● EXERCISE DIRECTIONS:
Copy each line below word for word and drop every image.

● SUPPLIED DATA:
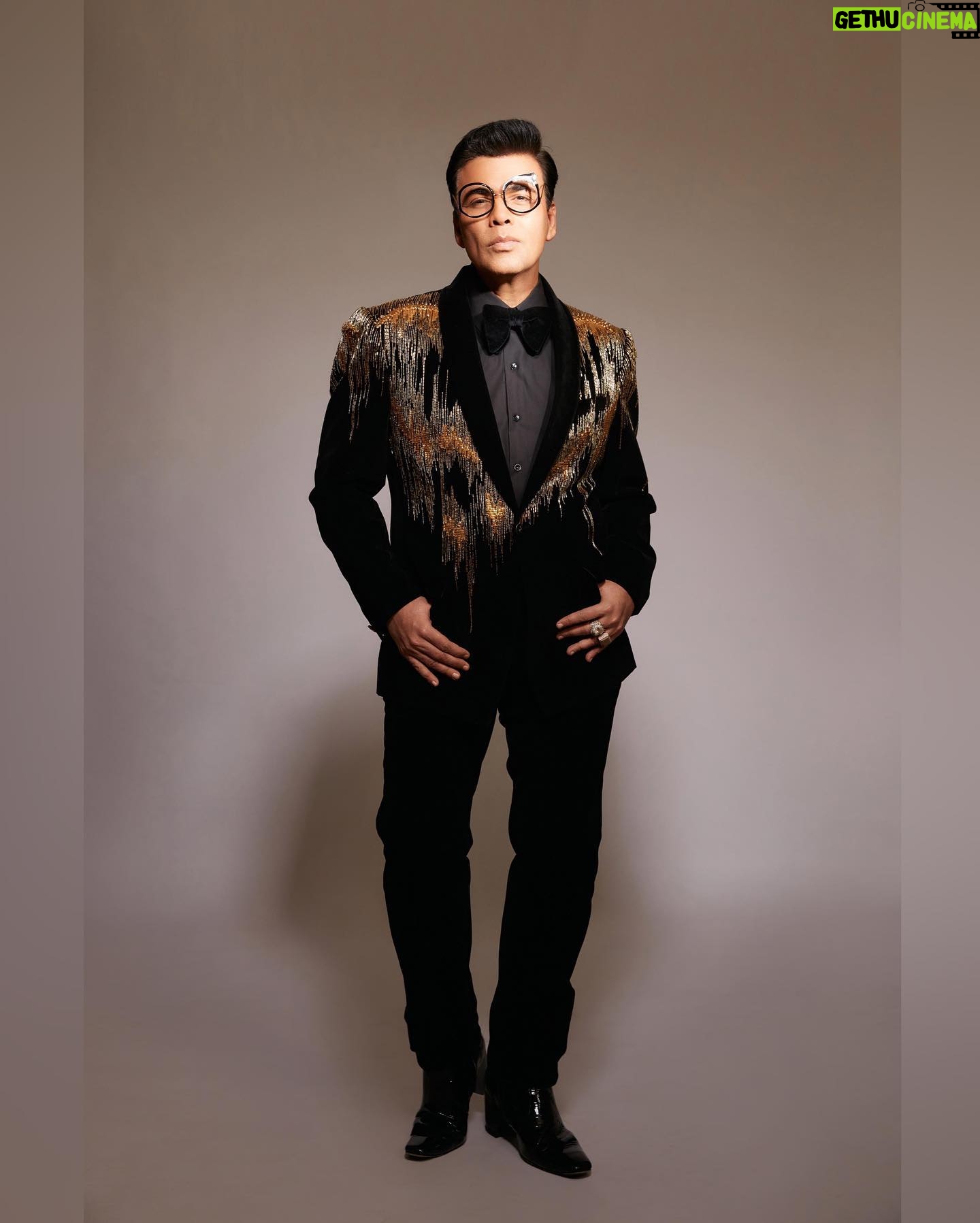 Eka Lakhani Instagram - ♠️!! @karanjohar for @pinkvilla style awards! Wearing @gauravguptaofficial Eyewear @annakarinkarlssonofficial Footwear @coppermallet #StyledByEka Style team @arpita.kc @mayuri_srivastava @team___e Hair @rajeev_gogoi Makeup @paresh_kalgutkar Managed by @len5bm Photographed by @rahuljhangiani #KaranJohar #BlingBling #TeamE #PinkvillaStyle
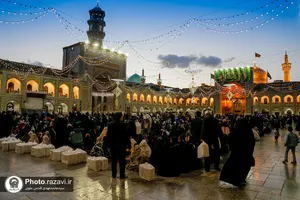 توزیع افطاری سبک در حرم مطهر رضوی-3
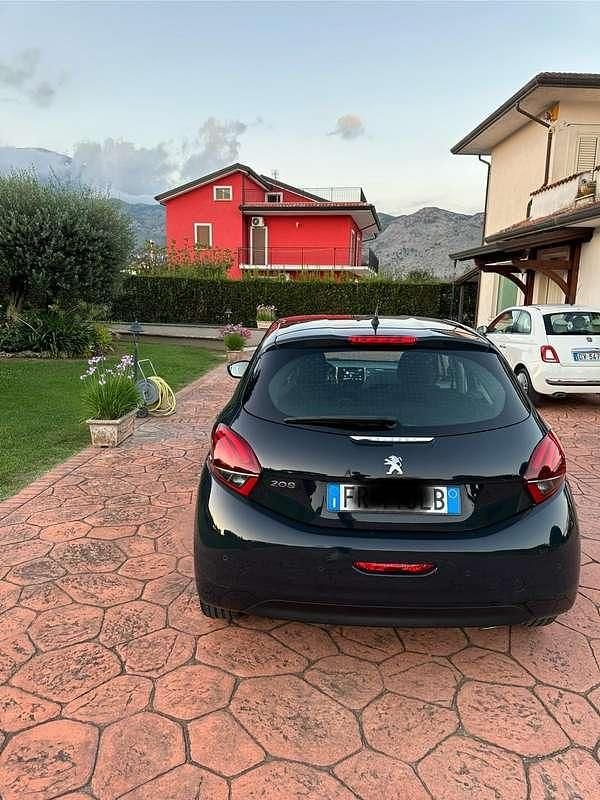 Usata Peugeot 2008 Allure 110 CV (80 kW) 2018 SUV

● SOLVED PROBLEM:
 Eka Lakhani Instagram - ♠️!! @karanjohar for @pinkvilla style awards! Wearing @gauravguptaofficial Eyewear @annakarinkarlssonofficial Footwear @coppermallet #StyledByEka Style team @arpita.kc @mayuri_srivastava @team___e Hair @rajeev_gogoi Makeup @paresh_kalgutkar Managed by @len5bm Photographed by @rahuljhangiani #KaranJohar #BlingBling #TeamE #PinkvillaStyle
 توزیع افطاری سبک در حرم مطهر رضوی-3
 Usata Peugeot 2008 Allure 110 CV (80 kW) 2018 SUV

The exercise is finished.